§ **What is required**:
Retype the records below exactly. Leave nothing out.
==*==
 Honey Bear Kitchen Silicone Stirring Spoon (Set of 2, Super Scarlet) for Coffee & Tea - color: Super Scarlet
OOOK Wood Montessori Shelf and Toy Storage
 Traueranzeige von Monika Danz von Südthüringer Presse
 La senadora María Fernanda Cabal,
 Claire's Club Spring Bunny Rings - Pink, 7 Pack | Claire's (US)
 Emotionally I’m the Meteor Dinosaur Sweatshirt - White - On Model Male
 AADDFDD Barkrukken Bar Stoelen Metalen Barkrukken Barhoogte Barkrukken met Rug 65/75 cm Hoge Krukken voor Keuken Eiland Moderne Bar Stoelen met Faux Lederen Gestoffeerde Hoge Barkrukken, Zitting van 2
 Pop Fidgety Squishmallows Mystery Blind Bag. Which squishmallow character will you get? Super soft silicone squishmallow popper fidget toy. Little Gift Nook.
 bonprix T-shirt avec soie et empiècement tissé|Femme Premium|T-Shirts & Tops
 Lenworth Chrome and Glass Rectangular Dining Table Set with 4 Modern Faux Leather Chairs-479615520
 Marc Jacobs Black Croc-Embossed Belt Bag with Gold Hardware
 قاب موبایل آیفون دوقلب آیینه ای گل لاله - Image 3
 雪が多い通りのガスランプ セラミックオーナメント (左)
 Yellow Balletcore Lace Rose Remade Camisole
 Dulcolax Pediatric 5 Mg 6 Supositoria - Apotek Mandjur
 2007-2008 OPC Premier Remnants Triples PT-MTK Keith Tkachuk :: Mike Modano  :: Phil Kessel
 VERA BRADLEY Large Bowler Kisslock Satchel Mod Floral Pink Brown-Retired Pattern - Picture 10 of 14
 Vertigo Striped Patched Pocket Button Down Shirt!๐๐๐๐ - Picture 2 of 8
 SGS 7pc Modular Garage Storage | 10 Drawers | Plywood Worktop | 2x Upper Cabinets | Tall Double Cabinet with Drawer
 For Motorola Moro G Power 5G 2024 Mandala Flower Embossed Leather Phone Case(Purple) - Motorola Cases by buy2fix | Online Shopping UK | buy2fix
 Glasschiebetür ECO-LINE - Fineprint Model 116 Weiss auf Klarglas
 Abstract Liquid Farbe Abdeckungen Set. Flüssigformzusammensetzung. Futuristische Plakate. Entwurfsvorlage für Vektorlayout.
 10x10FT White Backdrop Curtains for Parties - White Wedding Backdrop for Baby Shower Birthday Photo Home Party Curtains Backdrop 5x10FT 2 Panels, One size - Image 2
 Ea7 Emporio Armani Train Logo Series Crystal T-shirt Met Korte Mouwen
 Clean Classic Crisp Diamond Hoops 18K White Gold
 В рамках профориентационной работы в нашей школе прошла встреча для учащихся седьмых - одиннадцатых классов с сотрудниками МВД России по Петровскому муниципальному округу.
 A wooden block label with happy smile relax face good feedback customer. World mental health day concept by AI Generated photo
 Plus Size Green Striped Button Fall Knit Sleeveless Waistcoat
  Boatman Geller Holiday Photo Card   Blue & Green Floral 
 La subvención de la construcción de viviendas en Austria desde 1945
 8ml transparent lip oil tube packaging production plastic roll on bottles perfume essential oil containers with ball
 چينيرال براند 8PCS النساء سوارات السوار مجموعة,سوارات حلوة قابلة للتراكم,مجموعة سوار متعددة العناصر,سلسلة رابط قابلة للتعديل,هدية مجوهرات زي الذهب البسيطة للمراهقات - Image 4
==*==
§ **Response to this exercise**:
 Honey Bear Kitchen Silicone Stirring Spoon (Set of 2, Super Scarlet) for Coffee & Tea - color: Super Scarlet
OOOK Wood Montessori Shelf and Toy Storage
 Traueranzeige von Monika Danz von Südthüringer Presse
 La senadora María Fernanda Cabal,
 Claire's Club Spring Bunny Rings - Pink, 7 Pack | Claire's (US)
 Emotionally I’m the Meteor Dinosaur Sweatshirt - White - On Model Male
 AADDFDD Barkrukken Bar Stoelen Metalen Barkrukken Barhoogte Barkrukken met Rug 65/75 cm Hoge Krukken voor Keuken Eiland Moderne Bar Stoelen met Faux Lederen Gestoffeerde Hoge Barkrukken, Zitting van 2
 Pop Fidgety Squishmallows Mystery Blind Bag. Which squishmallow character will you get? Super soft silicone squishmallow popper fidget toy. Little Gift Nook.
 bonprix T-shirt avec soie et empiècement tissé|Femme Premium|T-Shirts & Tops
 Lenworth Chrome and Glass Rectangular Dining Table Set with 4 Modern Faux Leather Chairs-479615520
 Marc Jacobs Black Croc-Embossed Belt Bag with Gold Hardware
 قاب موبایل آیفون دوقلب آیینه ای گل لاله - Image 3
 雪が多い通りのガスランプ セラミックオーナメント (左)
 Yellow Balletcore Lace Rose Remade Camisole
 Dulcolax Pediatric 5 Mg 6 Supositoria - Apotek Mandjur
 2007-2008 OPC Premier Remnants Triples PT-MTK Keith Tkachuk :: Mike Modano  :: Phil Kessel
 VERA BRADLEY Large Bowler Kisslock Satchel Mod Floral Pink Brown-Retired Pattern - Picture 10 of 14
 Vertigo Striped Patched Pocket Button Down Shirt!๐๐๐๐ - Picture 2 of 8
 SGS 7pc Modular Garage Storage | 10 Drawers | Plywood Worktop | 2x Upper Cabinets | Tall Double Cabinet with Drawer
 For Motorola Moro G Power 5G 2024 Mandala Flower Embossed Leather Phone Case(Purple) - Motorola Cases by buy2fix | Online Shopping UK | buy2fix
 Glasschiebetür ECO-LINE - Fineprint Model 116 Weiss auf Klarglas
 Abstract Liquid Farbe Abdeckungen Set. Flüssigformzusammensetzung. Futuristische Plakate. Entwurfsvorlage für Vektorlayout.
 10x10FT White Backdrop Curtains for Parties - White Wedding Backdrop for Baby Shower Birthday Photo Home Party Curtains Backdrop 5x10FT 2 Panels, One size - Image 2
 Ea7 Emporio Armani Train Logo Series Crystal T-shirt Met Korte Mouwen
 Clean Classic Crisp Diamond Hoops 18K White Gold
 В рамках профориентационной работы в нашей школе прошла встреча для учащихся седьмых - одиннадцатых классов с сотрудниками МВД России по Петровскому муниципальному округу.
 A wooden block label with happy smile relax face good feedback customer. World mental health day concept by AI Generated photo
 Plus Size Green Striped Button Fall Knit Sleeveless Waistcoat
  Boatman Geller Holiday Photo Card   Blue & Green Floral 
 La subvención de la construcción de viviendas en Austria desde 1945
 8ml transparent lip oil tube packaging production plastic roll on bottles perfume essential oil containers with ball
 چينيرال براند 8PCS النساء سوارات السوار مجموعة,سوارات حلوة قابلة للتراكم,مجموعة سوار متعددة العناصر,سلسلة رابط قابلة للتعديل,هدية مجوهرات زي الذهب البسيطة للمراهقات - Image 4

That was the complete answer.